Beyond sensors, diagnostic robustness is directly related to the artificial intelligence inferencing techniques used by the CBM system. Early expert systems employed rule-based or logic-based reasoning. Although relatively easy to build, these systems are vulnerable to bad input data such as results from sensor problems. Artificial neural network (ANN) technology addresses this problem because it is tolerant of noisy or incomplete input patterns. ANN models learn from training examples that relate machinery faults to their abnormal symptom patterns. An exact match between what the ANN has learned through its training and what it senses in real-time from the machinery plant is not necessary in order to diagnose a fault. The pattern-matching feature isolates the closest matches from the learned relationships and assigns them a probability score based on the number of matching symptoms.
Dexter uses experiential and engineering knowledge of subject matter experts to construct a diagnostic data base for ANN learning. Comprehensive failure mode and effects analysis on critical equipment targeted for diagnostic coverage is undertaken. This gives more complete coverage in the shortest possible time, while focusing on mission-critical or historically unreliable equipment that consume excessive maintenance resources.

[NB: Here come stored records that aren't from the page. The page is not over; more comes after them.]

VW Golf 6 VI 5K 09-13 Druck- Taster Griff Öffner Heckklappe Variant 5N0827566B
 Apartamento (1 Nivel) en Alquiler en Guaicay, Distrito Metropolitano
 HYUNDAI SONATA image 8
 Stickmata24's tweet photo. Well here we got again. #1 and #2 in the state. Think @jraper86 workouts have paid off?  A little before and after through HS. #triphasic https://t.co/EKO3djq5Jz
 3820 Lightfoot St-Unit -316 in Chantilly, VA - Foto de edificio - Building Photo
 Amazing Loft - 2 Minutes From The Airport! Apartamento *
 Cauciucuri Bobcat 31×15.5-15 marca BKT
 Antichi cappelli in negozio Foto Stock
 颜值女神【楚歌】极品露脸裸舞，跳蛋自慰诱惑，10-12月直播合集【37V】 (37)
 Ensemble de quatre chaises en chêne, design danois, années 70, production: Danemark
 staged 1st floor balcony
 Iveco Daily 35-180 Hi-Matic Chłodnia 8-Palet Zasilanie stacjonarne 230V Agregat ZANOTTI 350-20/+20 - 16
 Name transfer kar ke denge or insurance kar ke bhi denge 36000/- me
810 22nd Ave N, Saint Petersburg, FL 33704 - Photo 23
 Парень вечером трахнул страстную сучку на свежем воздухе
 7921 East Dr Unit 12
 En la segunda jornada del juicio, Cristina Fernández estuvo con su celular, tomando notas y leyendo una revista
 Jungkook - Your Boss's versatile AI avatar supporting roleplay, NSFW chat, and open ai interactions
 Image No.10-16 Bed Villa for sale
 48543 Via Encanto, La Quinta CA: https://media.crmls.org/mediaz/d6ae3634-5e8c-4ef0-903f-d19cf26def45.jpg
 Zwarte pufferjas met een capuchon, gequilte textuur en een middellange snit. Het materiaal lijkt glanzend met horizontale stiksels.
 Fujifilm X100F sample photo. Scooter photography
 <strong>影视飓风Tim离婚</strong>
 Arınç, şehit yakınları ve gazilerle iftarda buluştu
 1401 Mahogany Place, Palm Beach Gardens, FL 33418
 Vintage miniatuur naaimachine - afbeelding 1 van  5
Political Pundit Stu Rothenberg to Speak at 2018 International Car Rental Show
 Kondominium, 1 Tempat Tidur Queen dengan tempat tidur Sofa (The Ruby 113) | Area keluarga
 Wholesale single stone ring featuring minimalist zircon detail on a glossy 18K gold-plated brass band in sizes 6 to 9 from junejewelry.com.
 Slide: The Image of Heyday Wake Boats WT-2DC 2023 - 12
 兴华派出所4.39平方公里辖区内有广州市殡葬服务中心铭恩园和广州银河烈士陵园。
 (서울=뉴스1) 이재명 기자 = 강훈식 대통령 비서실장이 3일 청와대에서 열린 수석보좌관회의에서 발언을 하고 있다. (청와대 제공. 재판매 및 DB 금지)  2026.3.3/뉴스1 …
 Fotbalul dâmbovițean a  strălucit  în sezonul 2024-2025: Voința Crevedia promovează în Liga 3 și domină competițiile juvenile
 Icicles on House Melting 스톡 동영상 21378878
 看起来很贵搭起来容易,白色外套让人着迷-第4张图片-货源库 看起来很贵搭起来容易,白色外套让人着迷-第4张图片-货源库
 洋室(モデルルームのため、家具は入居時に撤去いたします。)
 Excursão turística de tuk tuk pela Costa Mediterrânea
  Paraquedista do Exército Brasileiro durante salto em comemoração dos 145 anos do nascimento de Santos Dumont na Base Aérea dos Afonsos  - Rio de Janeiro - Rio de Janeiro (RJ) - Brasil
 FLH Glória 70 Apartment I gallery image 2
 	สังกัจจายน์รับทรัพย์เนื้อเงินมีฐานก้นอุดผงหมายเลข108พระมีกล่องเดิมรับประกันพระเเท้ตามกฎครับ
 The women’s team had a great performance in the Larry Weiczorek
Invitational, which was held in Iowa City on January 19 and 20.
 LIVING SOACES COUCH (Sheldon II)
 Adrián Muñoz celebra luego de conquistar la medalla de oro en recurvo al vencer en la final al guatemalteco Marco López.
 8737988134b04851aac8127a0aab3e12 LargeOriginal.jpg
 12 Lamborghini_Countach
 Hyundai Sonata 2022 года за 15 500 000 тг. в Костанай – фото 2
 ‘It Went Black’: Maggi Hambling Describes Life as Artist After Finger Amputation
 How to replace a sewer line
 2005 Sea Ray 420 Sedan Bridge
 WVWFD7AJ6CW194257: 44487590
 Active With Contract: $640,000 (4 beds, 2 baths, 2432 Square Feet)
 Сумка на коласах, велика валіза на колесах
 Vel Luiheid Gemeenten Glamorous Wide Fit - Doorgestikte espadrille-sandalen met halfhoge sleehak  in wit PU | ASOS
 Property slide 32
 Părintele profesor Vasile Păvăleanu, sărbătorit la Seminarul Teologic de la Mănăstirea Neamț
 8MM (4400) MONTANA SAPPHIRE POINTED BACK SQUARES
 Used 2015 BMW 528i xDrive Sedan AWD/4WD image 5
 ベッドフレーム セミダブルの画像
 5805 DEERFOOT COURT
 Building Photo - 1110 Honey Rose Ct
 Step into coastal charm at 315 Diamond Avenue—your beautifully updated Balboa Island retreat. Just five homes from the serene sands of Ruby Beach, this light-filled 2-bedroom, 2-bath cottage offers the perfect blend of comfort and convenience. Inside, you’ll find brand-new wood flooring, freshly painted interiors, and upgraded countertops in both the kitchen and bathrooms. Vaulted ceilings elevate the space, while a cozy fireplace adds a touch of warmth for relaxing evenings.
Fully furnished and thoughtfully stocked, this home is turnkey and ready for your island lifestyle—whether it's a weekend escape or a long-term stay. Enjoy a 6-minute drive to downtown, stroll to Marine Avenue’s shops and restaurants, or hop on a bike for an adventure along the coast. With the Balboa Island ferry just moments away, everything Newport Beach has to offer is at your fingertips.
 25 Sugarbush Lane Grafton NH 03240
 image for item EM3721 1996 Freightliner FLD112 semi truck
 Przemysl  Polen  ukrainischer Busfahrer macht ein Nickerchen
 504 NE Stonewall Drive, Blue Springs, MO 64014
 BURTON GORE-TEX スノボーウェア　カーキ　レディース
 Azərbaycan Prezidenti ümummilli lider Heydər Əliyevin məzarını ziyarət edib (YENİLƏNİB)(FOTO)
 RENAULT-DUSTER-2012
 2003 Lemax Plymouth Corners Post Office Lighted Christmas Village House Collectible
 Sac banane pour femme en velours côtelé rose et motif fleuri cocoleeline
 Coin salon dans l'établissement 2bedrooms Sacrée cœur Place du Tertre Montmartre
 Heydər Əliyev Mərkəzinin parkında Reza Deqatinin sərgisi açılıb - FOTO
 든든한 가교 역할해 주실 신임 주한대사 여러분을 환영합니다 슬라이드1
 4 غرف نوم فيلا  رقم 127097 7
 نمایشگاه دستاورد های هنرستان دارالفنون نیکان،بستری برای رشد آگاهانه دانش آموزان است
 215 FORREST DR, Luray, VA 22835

Dexter has been taken up by both commercial operators and the US Navy and has been operating on some vessels for over 15 years. The majority of applications involve main propulsion diesels, diesel gensets and gas turbine engines but also includes auxiliary monitoring of systems such as seawater and freshwater cooling, lube oil, and fuel oil systems.
Macsea is currently applying its proven diagnostic technology to shipboard electrical systems, particularly integrated power systems (IPS) with variable frequency drive (VFD). “We see a growing and urgent need to provide assistance to shipboard crews who are struggling to understand how these new complex systems work and keep them running safely and efficiently,” says Mr Logan. “Reliability problems are starting to surface with all-electric and hybrid-electric power systems that involve multiple diesel and gas turbine generators feeding into shipboard power grids that provide power to propulsion motors, dynamic positioning thrusters, weapon systems and essentially every piece of electrical equipment aboard.”
In recent years, there has been an alarming increase in shipboard electrical failures, including fires on ships employing electric propulsion, with VFD-related issues pertaining to harmonic filter systems, electrical noise, and variable speed AC motors. Excessive harmonic distortion can create severe overheating of various electrical equipment including components such as capacitors, bearings, laminations and winding insulation on generators, transformers, and induction motors, stators and rotors of fixed speed electric motors, cables, and filters for electromagnetic compatibility or transient suppression.
“Some serious issues are evolving with the increased use of IPS. We see a need to make these complex electrical systems smarter such that they can better monitor their own health and assist not only the crew, but perhaps even the control systems in detecting faults and taking remedial action to avoid catastrophic failures. Dexter’s neural network-based reasoning capabilities can be readily integrated into the IPS design and may enhance their ‘self-healing’ capabilities.”